Pictures with short captions:
-------------------------

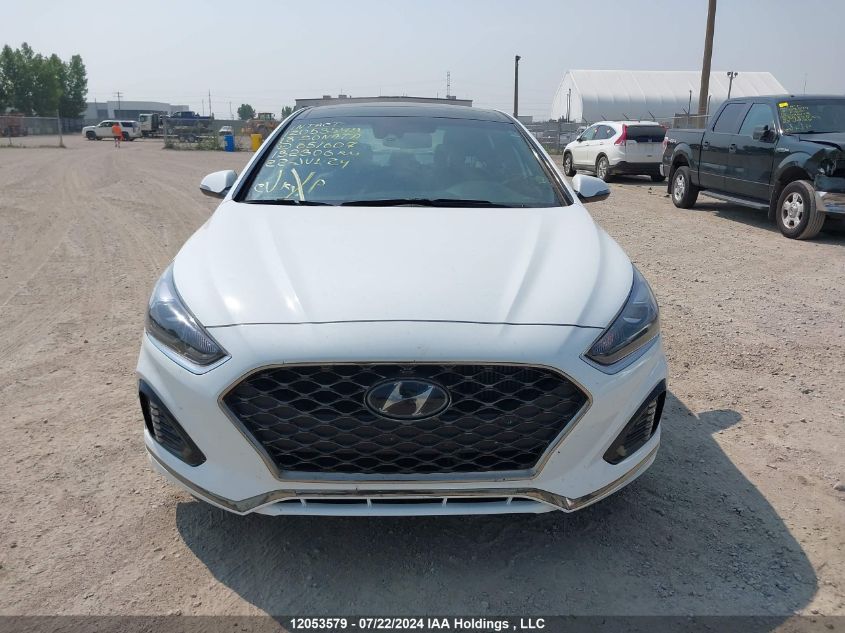 5NPE34AB2JH651607 2018 Hyundai Sonata Sport/Limited/Sel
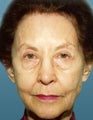 Skin Resurfacing - Before and After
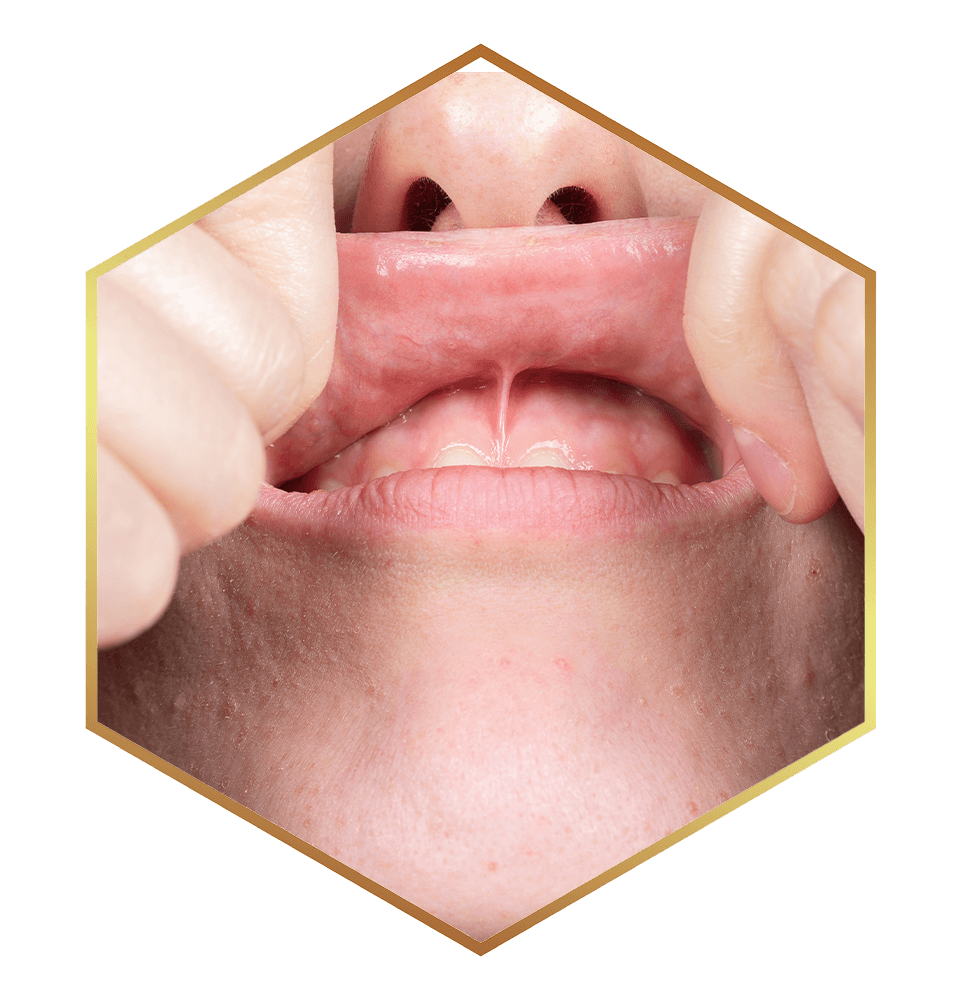 close up of person with lip-tie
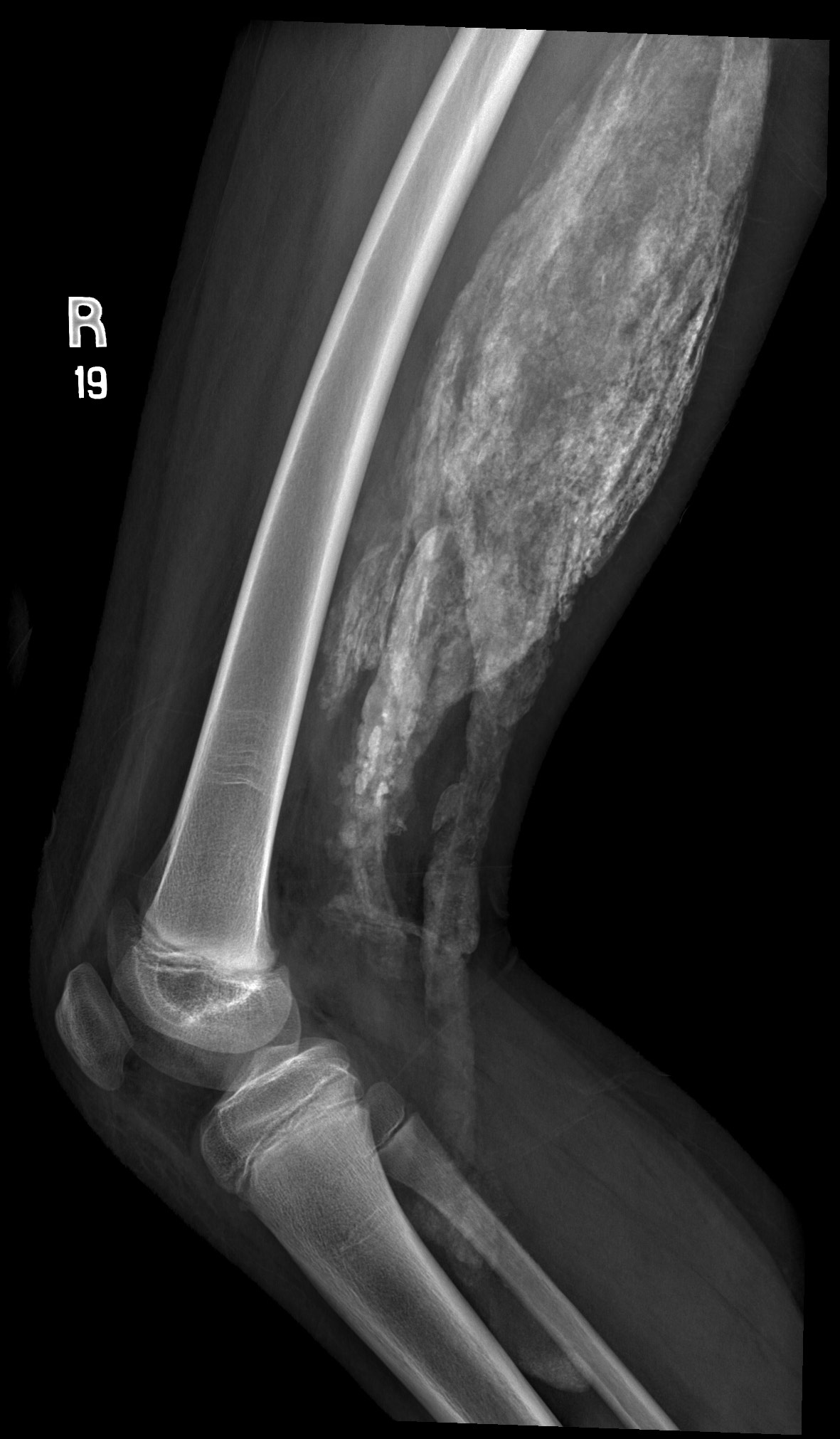 Dermatomyositis | Image | Radiopaedia.org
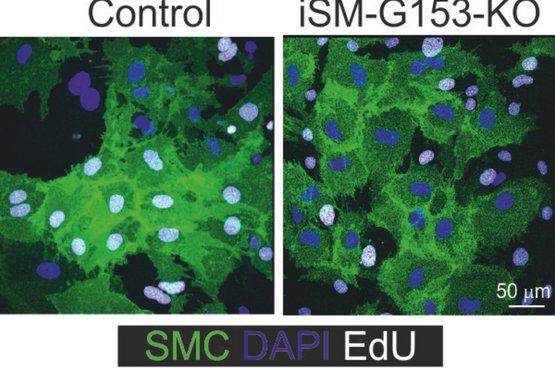 Glatte Muskelzellen unterm Fluoreszenzmikroskop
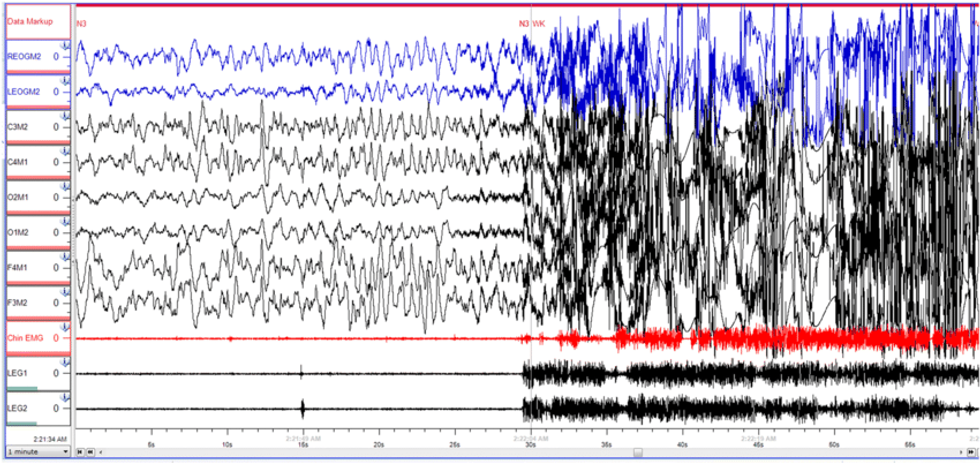 A 30 s epoch of the sleep study In the first half the patient was in stage N3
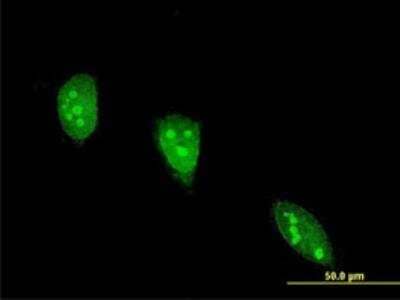 Immunocytochemistry/Immunofluorescence: Angiopoietin-like Protein 7/ANGPTL7 Antibody (2C6) [H00010218-M04-100ug] - Monoclonal antibody to ANGPTL7 on HeLa cell . [antibody concentration 10 ug/ml]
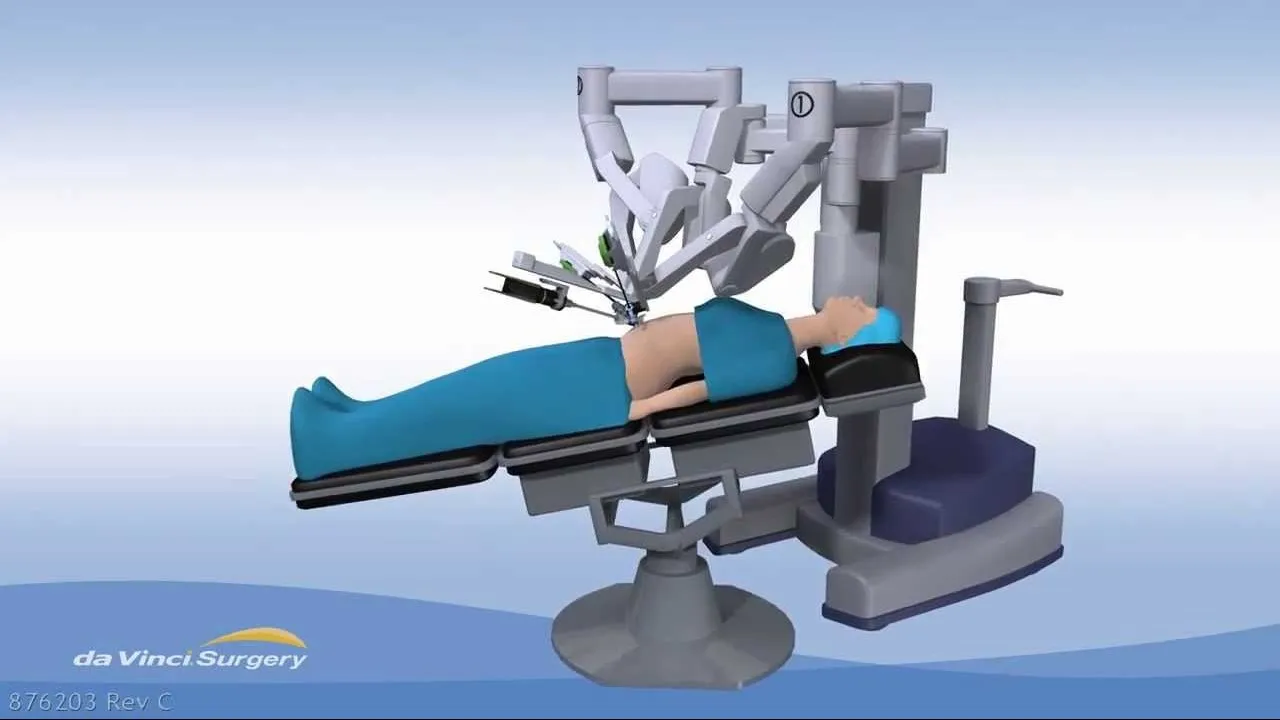 Robotic Cholecystectomy in South Mumbai – Advanced Gallbladder Surgery
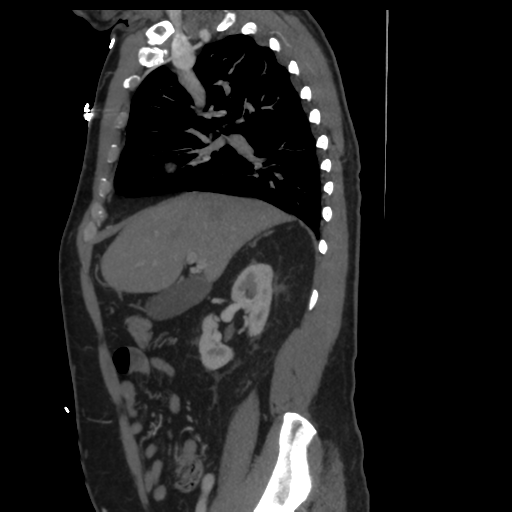 File:Aortic dissection- Stanford A (Radiopaedia 37759-39664 Sagittal C+ delayed 2).png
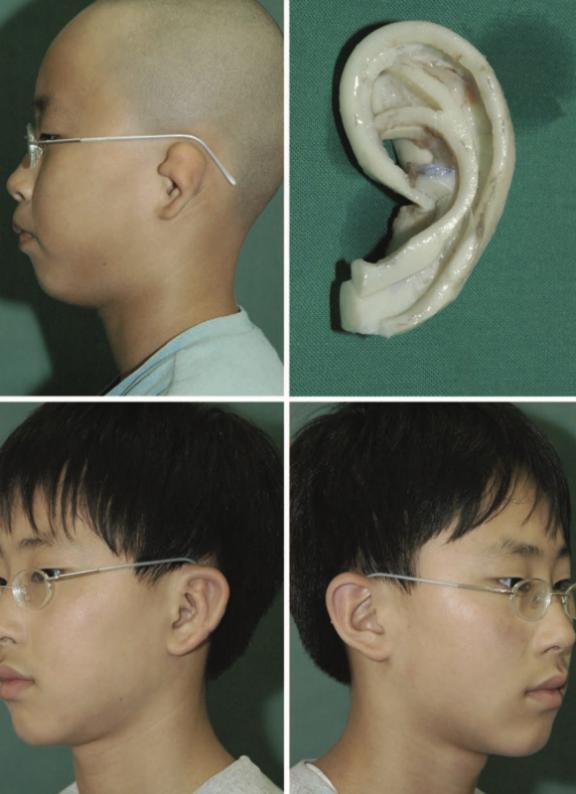 左耳畸形整形怎么治疗？耳再造专家余文林科普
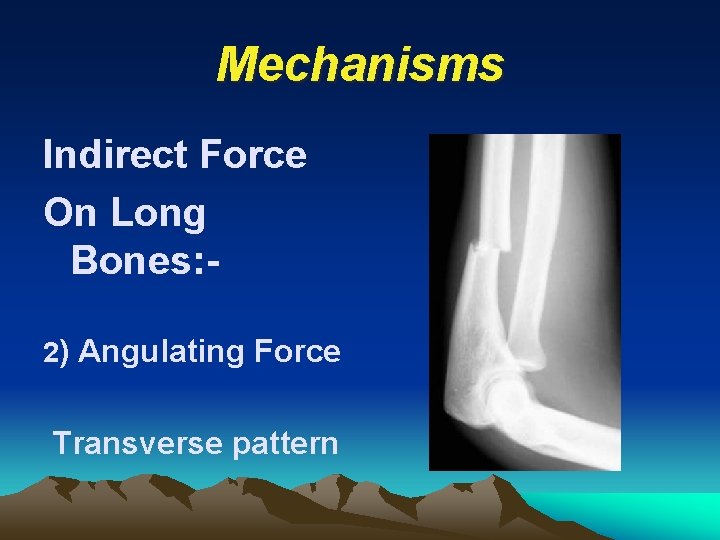 Mechanisms Indirect Force On Long Bones: 2) Angulating Force Transverse pattern 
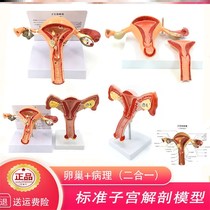 Female Reproductive Modeler Model Womb Model Skeletal Basin Model Anatomical Model Ovarian Pathology Change Pelvis Teaching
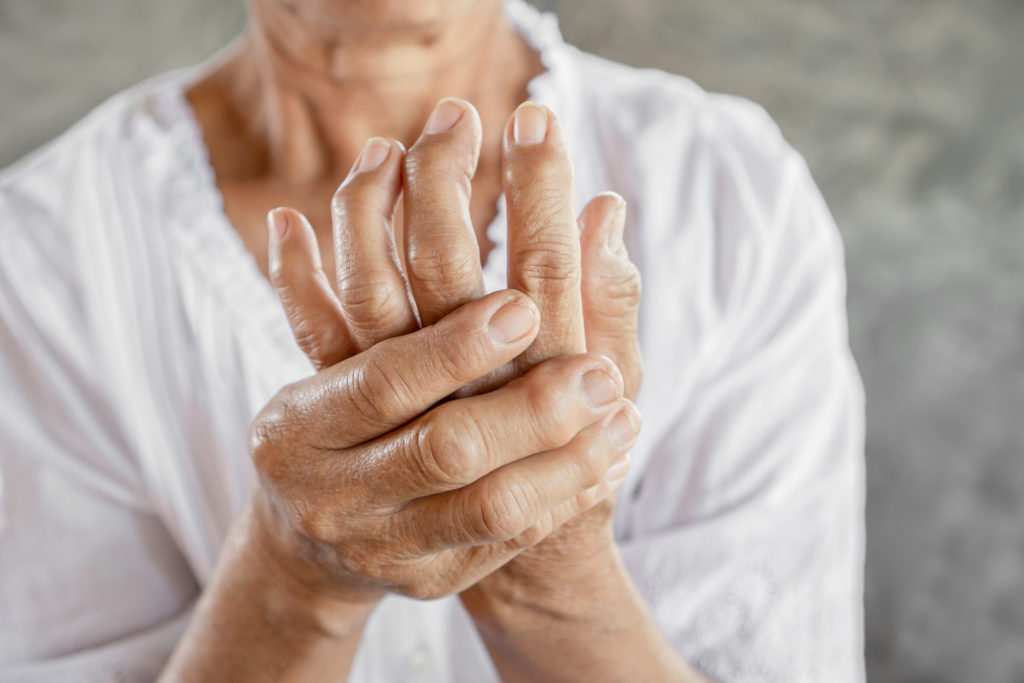 The Connection Between Arthritis and Overall Health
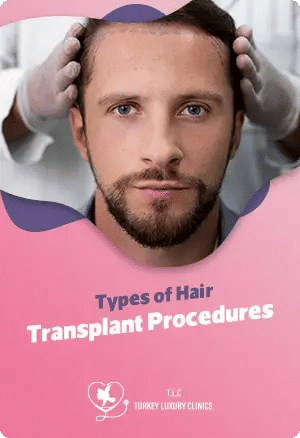 Types of Hair Transplant Proceduresfeatured image
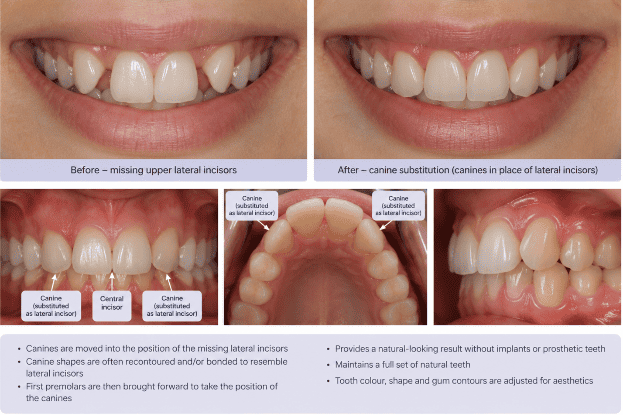 orthodontic space closure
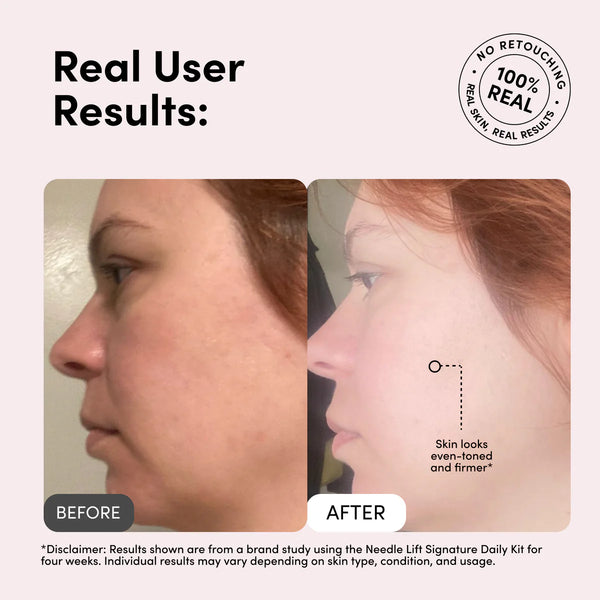 YA-MAN Needle Lift Signature Cream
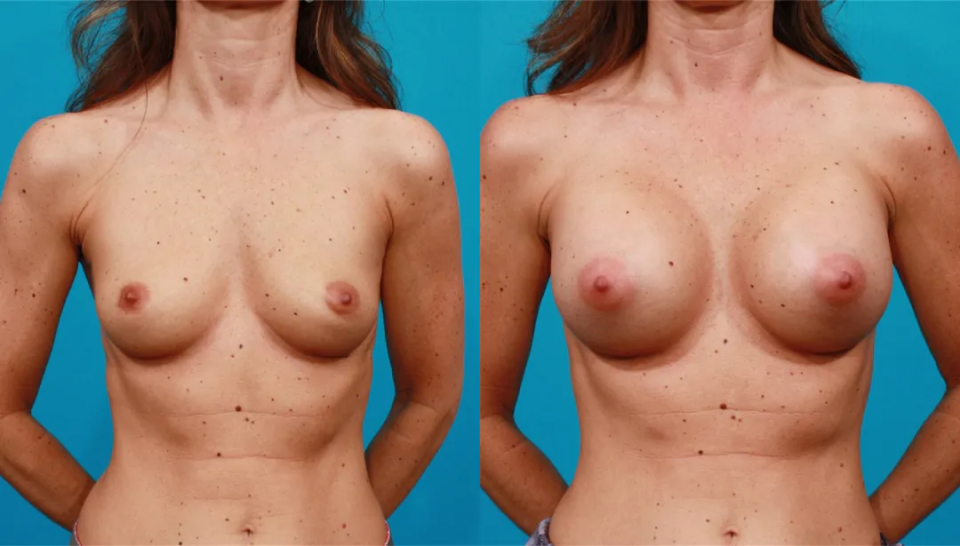 Пациентка доктора Гукаса Миракяна до и после увеличения груди имплантами
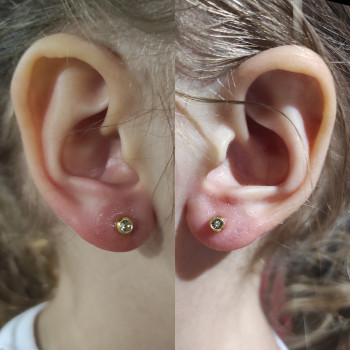 Проколювання вух пістолетом дітям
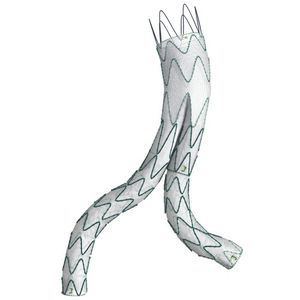 stent-injerto aorta abdominal 1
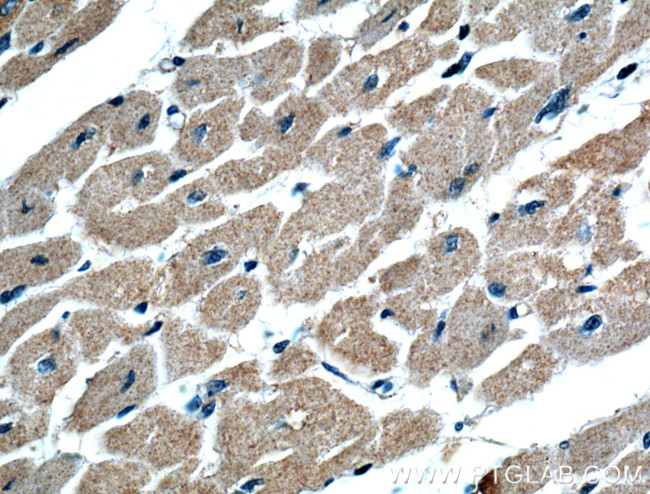 SAMD8 Antibody in Immunohistochemistry (Paraffin) (IHC (P))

-------------------------

> [What is required]: Every line above should be printed again word for word, without its pictures.

> [The answer]:
 5NPE34AB2JH651607 2018 Hyundai Sonata Sport/Limited/Sel
 Skin Resurfacing - Before and After
 close up of person with lip-tie
 Dermatomyositis | Image | Radiopaedia.org
 Glatte Muskelzellen unterm Fluoreszenzmikroskop
 A 30 s epoch of the sleep study In the first half the patient was in stage N3
 Immunocytochemistry/Immunofluorescence: Angiopoietin-like Protein 7/ANGPTL7 Antibody (2C6) [H00010218-M04-100ug] - Monoclonal antibody to ANGPTL7 on HeLa cell . [antibody concentration 10 ug/ml]
 Robotic Cholecystectomy in South Mumbai – Advanced Gallbladder Surgery
 File:Aortic dissection- Stanford A (Radiopaedia 37759-39664 Sagittal C+ delayed 2).png
 左耳畸形整形怎么治疗？耳再造专家余文林科普
 Mechanisms Indirect Force On Long Bones: 2) Angulating Force Transverse pattern 
 Female Reproductive Modeler Model Womb Model Skeletal Basin Model Anatomical Model Ovarian Pathology Change Pelvis Teaching
 The Connection Between Arthritis and Overall Health
 Types of Hair Transplant Proceduresfeatured image
 orthodontic space closure
 YA-MAN Needle Lift Signature Cream
 Пациентка доктора Гукаса Миракяна до и после увеличения груди имплантами
 Проколювання вух пістолетом дітям
 stent-injerto aorta abdominal 1
 SAMD8 Antibody in Immunohistochemistry (Paraffin) (IHC (P))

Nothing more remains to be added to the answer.